### Listed records

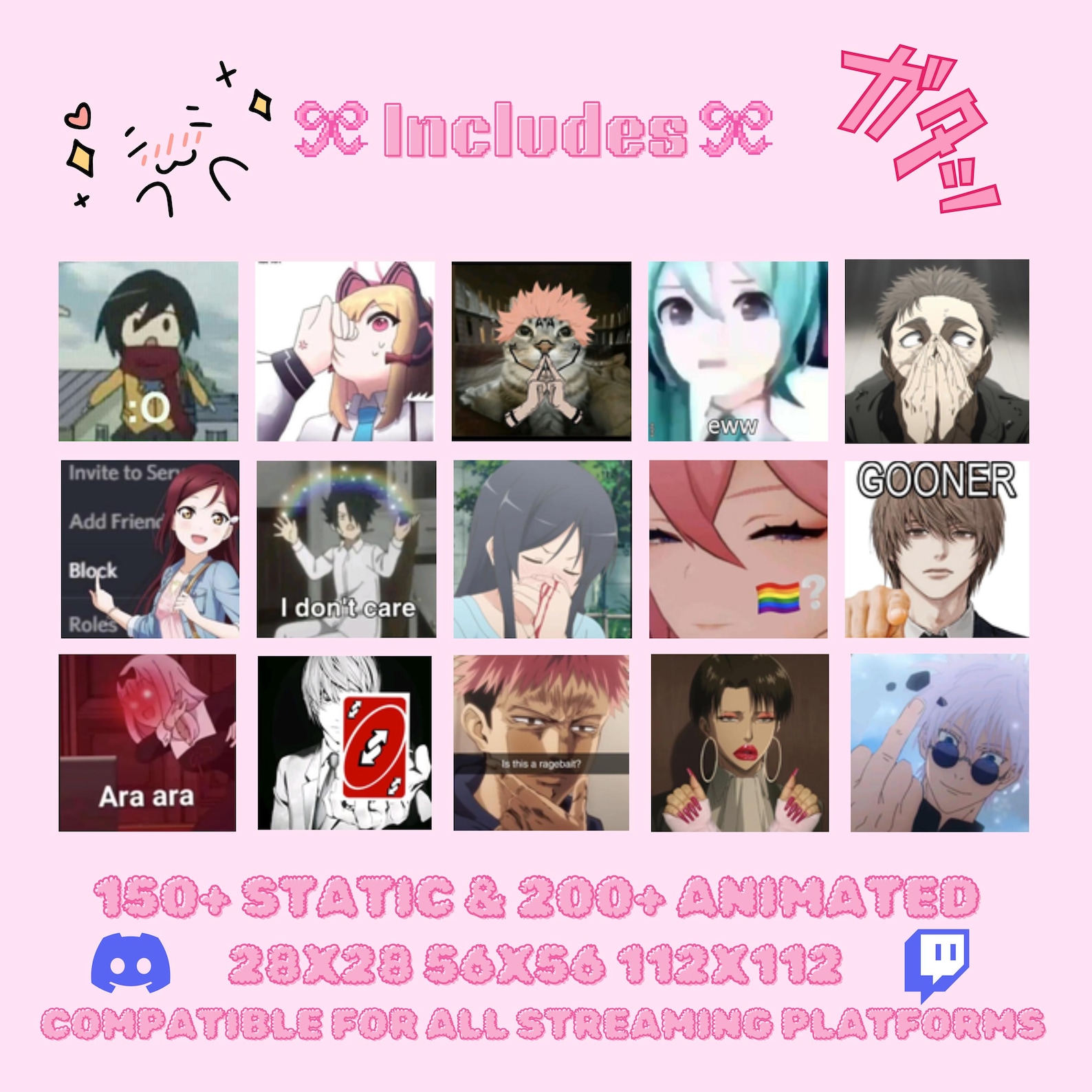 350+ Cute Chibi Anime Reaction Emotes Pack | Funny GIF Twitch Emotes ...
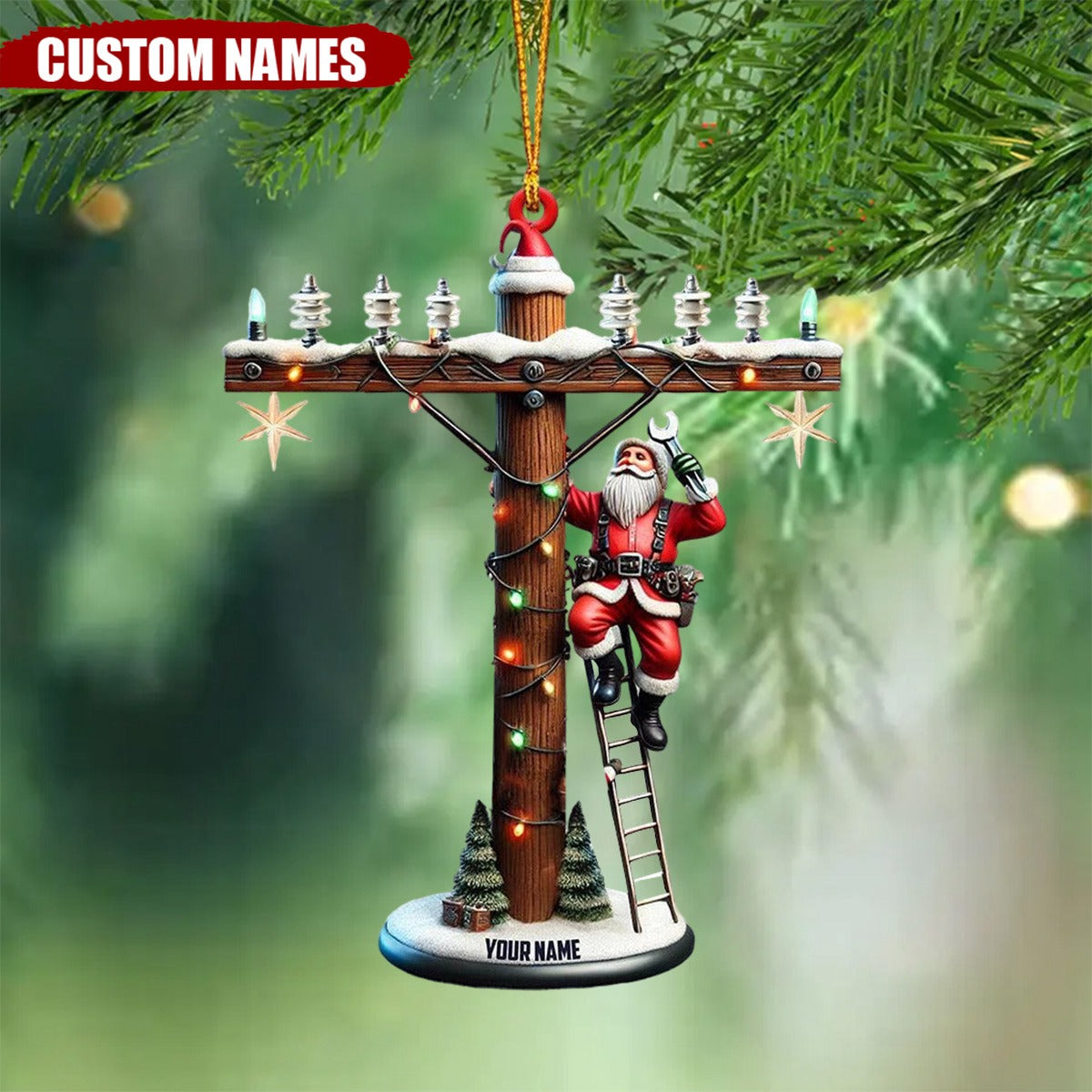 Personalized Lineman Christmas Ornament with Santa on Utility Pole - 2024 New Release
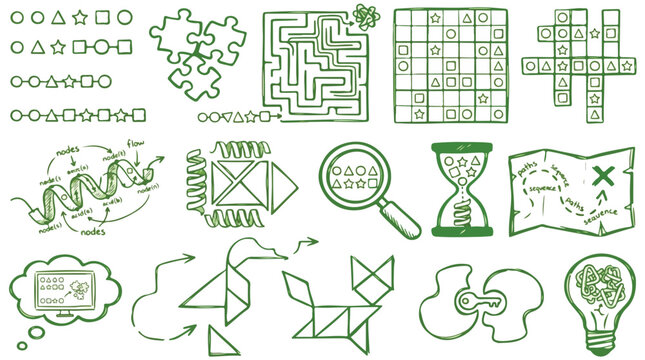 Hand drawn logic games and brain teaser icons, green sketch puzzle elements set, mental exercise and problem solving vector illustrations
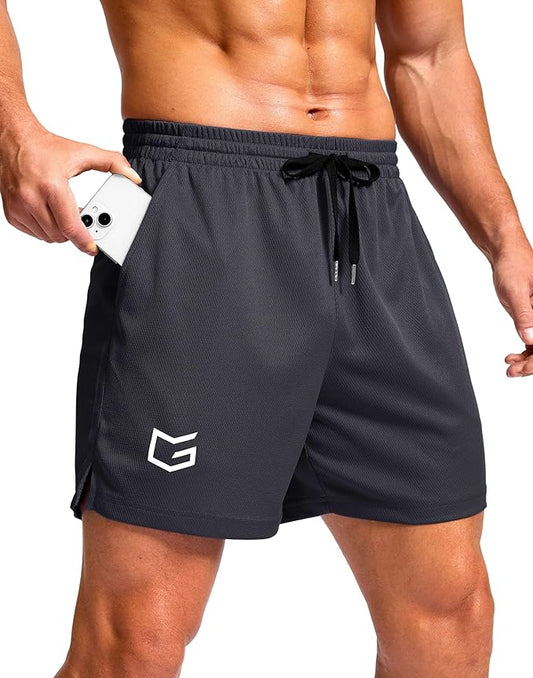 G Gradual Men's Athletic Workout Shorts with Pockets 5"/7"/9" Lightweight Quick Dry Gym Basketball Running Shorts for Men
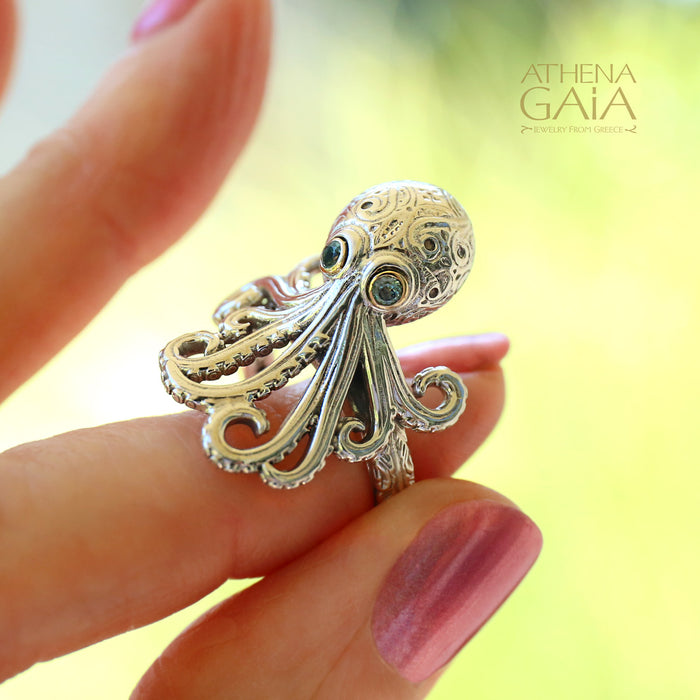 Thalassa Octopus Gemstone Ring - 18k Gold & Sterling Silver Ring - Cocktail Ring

### Task requirements
Any picture in the listing is to be omitted. Return exactly the lines from the one containing "Personalized Lineman Christmas" through its last line, both included, and only those.

### Your response
 Personalized Lineman Christmas Ornament with Santa on Utility Pole - 2024 New Release
 Hand drawn logic games and brain teaser icons, green sketch puzzle elements set, mental exercise and problem solving vector illustrations
 G Gradual Men's Athletic Workout Shorts with Pockets 5"/7"/9" Lightweight Quick Dry Gym Basketball Running Shorts for Men
 Thalassa Octopus Gemstone Ring - 18k Gold & Sterling Silver Ring - Cocktail Ring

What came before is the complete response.